Ritsurin Garden is a lovely place to visit in Takamatsu, Japan. I walked it today and found it to be a beautiful example of Japanese horticulture that has roots (hah!) going back hundreds of years. The craft of pruning to a look of elegance and grace is on full display here, with old Japanese pines sculpted beautifully. I understand that, for some, the look is drastic or not natural. For me, it is a form that has long enamored. I don’t mean the badly sheared hedges forming animal shapes or other such grotesqueries! True, the look is not perfectly “natural,” but to see it is to feel as if the pruning created another form of beauty out of a form already beautiful by nature.
In the photo above, the garden butts directly up to the surrounding forrested hillside. The blending is lovely. Add to it the graceful arching bridges, the architectural forms of the tea houses, the rivers and ponds, and one can find a place of peace, where contemplation may come naturally.

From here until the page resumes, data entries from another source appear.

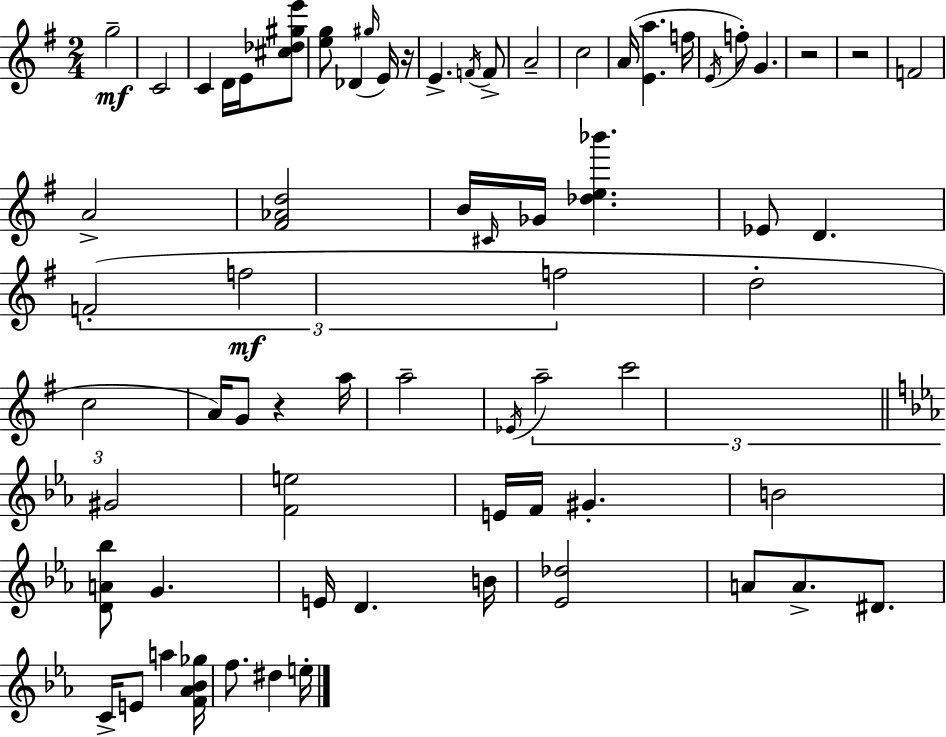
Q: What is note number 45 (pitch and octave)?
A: D4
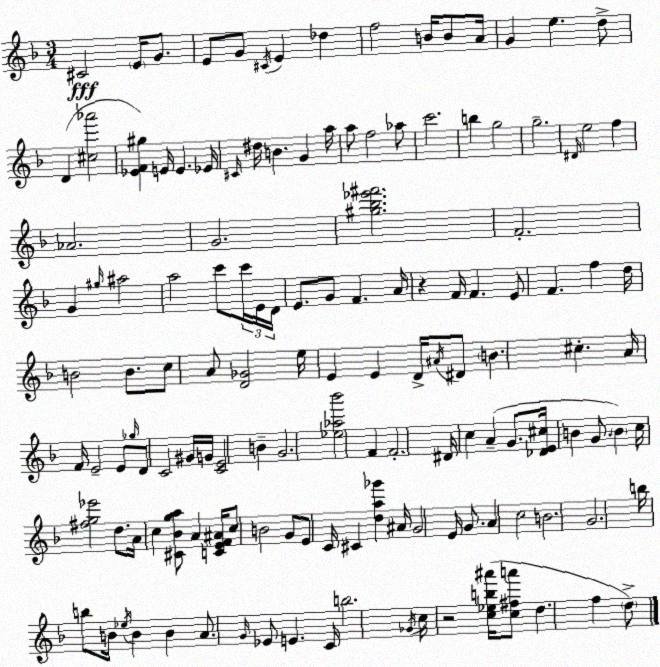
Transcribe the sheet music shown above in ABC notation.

X:1
T:Untitled
M:3/4
L:1/4
K:Dm
^C2 E/4 G/2 E/2 G/2 ^C/4 E _d f2 B/4 B/2 A/4 G e d/2 D [^c_a']2 [_EF^g] E/4 E _E/4 ^C/4 ^d/4 B G a/4 a/2 f2 _a/2 c'2 b g2 g2 ^D/4 e2 f _A2 G2 [^g_b_e'^f']2 F2 G ^g/4 ^a2 a2 c'/2 c'/4 E/4 D/4 E/2 G/2 F A/4 z F/4 F E/2 F f d/4 B2 B/2 c/2 A/2 [D_G]2 e/4 E E D/4 ^A/4 ^D/2 B ^c A/4 F/4 E2 E/2 _g/4 D/2 C2 ^G/4 G/4 [CE]2 B G2 [_e_a_b']2 F F2 ^D/4 c A G/2 [_DE^c]/4 B G/2 B c/4 [^fg_e']2 d/2 A/4 c [^C_Bga]/2 A [CEF^A]/4 c/2 B2 G/2 E/2 C/4 ^C [da_g'] ^A/4 G2 E/4 G/2 A c2 B2 G2 b/4 b/2 B/4 _e/4 B B A/2 G/4 _E/2 E C/4 b2 _G/4 c/4 z2 [c_eb^a']/4 [c^fa']/2 d f d/2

The gardens were one of the aspects of Japan that have long drawn me to wish to visit. But, interestingly, my most enjoyable moment was to be able to sit on the floor in the tea house sipping matcha tea. Then, as I think of it, the Japanese garden in its very large form, such as Ritsurin, or in it’s very reduced form, as in the courtyard of a Japanese home, are meant to be enjoyed in their serenity through strolling or sitting, in this case, while drinking tea. Thus, I enjoyed this afternoon in Takamatsu.